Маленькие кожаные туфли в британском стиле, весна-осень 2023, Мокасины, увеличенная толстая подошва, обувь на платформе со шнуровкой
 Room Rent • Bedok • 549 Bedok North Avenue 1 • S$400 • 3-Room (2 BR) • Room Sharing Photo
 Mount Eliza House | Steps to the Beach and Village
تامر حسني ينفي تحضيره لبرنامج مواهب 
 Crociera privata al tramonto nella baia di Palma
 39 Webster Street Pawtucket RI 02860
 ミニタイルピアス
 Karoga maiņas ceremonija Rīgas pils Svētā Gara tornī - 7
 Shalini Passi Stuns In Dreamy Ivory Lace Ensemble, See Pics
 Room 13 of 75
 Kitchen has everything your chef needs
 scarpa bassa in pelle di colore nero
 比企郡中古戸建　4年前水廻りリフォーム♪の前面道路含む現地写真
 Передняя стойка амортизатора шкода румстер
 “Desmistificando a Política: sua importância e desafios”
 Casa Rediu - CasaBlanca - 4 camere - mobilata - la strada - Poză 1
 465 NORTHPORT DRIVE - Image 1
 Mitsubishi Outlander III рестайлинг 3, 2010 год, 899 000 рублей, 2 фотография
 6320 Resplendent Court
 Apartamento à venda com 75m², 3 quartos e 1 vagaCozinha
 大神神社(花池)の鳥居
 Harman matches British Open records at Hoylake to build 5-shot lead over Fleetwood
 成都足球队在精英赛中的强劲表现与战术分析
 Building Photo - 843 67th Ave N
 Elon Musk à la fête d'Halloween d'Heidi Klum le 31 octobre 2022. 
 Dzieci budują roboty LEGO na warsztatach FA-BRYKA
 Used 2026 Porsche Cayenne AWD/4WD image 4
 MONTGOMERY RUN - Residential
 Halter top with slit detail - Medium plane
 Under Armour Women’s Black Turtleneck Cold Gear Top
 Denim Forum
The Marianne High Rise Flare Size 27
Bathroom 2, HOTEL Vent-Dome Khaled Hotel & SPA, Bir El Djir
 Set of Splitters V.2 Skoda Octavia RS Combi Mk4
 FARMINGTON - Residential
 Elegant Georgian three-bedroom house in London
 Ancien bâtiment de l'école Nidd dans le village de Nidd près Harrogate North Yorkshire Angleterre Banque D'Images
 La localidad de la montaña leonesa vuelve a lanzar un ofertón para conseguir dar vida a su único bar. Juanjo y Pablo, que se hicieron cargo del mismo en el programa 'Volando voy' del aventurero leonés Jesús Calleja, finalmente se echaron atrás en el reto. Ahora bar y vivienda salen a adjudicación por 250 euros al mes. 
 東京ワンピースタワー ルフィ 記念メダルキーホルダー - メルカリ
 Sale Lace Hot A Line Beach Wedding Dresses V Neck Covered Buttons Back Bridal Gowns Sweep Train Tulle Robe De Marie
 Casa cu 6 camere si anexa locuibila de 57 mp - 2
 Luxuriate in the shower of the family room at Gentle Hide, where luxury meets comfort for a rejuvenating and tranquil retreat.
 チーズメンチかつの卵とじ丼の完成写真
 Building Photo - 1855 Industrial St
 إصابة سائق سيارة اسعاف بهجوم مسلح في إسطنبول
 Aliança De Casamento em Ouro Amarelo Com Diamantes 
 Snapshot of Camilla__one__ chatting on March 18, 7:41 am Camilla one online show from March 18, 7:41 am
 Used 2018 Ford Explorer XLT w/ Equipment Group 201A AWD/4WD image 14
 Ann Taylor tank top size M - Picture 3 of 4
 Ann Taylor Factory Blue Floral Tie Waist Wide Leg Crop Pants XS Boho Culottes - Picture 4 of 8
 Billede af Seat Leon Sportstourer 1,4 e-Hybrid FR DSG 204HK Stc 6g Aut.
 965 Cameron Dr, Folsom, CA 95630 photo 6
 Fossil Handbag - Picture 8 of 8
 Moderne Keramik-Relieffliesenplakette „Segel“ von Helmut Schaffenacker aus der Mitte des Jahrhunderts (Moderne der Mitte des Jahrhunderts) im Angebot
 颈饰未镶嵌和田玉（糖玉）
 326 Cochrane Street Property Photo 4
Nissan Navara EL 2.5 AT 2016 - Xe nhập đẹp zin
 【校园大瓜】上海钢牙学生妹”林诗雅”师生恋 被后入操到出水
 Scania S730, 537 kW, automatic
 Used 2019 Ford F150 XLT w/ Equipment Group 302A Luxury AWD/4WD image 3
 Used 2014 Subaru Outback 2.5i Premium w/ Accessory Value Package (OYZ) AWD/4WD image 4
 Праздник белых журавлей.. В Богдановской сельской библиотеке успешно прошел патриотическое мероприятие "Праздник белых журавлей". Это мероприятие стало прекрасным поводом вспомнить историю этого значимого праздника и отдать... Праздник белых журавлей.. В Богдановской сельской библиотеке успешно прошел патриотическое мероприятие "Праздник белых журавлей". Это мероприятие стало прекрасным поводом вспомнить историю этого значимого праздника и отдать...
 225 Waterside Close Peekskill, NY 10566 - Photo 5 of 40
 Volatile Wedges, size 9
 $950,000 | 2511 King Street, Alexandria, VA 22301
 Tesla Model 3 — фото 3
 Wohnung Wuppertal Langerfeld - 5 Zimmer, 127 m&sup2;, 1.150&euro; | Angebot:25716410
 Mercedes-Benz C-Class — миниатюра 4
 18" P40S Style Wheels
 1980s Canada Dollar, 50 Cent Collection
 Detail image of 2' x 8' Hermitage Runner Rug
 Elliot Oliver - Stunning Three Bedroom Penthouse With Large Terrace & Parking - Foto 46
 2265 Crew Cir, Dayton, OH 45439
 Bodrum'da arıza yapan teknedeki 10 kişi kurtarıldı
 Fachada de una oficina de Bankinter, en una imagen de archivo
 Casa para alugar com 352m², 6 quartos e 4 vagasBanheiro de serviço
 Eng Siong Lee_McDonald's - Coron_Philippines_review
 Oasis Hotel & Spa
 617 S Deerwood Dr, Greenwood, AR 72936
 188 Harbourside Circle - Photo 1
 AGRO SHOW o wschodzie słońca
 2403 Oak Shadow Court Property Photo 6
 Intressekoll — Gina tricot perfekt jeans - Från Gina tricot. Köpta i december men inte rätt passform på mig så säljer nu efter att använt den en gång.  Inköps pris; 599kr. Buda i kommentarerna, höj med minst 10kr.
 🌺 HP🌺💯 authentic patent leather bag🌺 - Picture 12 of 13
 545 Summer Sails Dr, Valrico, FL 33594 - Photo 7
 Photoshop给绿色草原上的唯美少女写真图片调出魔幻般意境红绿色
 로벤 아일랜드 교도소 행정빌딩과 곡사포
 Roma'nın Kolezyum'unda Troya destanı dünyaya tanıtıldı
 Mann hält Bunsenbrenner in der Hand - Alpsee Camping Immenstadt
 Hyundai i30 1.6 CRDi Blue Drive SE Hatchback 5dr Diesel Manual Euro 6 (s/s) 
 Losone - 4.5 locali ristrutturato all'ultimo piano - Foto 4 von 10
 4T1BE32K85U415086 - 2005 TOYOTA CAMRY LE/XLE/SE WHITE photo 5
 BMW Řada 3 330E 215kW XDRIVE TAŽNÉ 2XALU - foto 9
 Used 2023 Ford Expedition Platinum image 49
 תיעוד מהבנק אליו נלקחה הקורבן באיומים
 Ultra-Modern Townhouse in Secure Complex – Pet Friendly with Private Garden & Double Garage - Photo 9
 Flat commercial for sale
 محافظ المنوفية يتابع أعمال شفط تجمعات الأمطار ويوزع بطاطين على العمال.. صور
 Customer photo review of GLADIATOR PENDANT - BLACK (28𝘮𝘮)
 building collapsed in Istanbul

================

◆ EXERCISE
From the records above, extract exactly and only the lines that begin at the line with "Used 2019 Ford" and stop after the line with "Used 2014 Subaru".

◆ SOLUTION FOR THIS TASK
 Used 2019 Ford F150 XLT w/ Equipment Group 302A Luxury AWD/4WD image 3
 Used 2014 Subaru Outback 2.5i Premium w/ Accessory Value Package (OYZ) AWD/4WD image 4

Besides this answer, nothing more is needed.